EXCERPTED RECORDS
┄┄┄┄┄┄
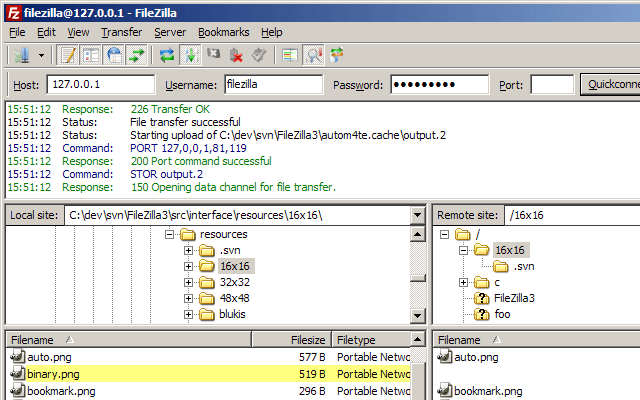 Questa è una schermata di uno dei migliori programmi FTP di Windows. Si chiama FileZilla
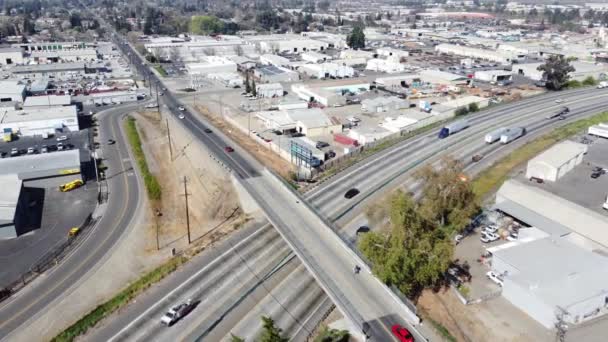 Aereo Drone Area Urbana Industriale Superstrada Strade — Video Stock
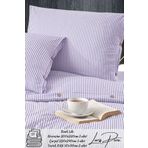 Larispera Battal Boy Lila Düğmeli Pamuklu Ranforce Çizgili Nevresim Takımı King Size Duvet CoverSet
┄┄┄┄┄┄
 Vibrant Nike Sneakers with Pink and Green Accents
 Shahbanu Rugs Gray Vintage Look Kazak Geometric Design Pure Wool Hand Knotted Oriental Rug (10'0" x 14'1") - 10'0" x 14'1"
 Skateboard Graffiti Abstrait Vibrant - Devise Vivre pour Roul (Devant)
┄┄┄┄┄┄
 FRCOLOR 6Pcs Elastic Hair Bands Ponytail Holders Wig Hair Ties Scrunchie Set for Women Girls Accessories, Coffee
┄┄┄┄┄┄
THE PROBLEM
Reproduce the data above exactly, but only from the line containing "Questa è una" through the line containing "Larispera Battal Boy"; skip the pictures.

ANSWER AREA
 Questa è una schermata di uno dei migliori programmi FTP di Windows. Si chiama FileZilla
 Aereo Drone Area Urbana Industriale Superstrada Strade — Video Stock
 Larispera Battal Boy Lila Düğmeli Pamuklu Ranforce Çizgili Nevresim Takımı King Size Duvet CoverSet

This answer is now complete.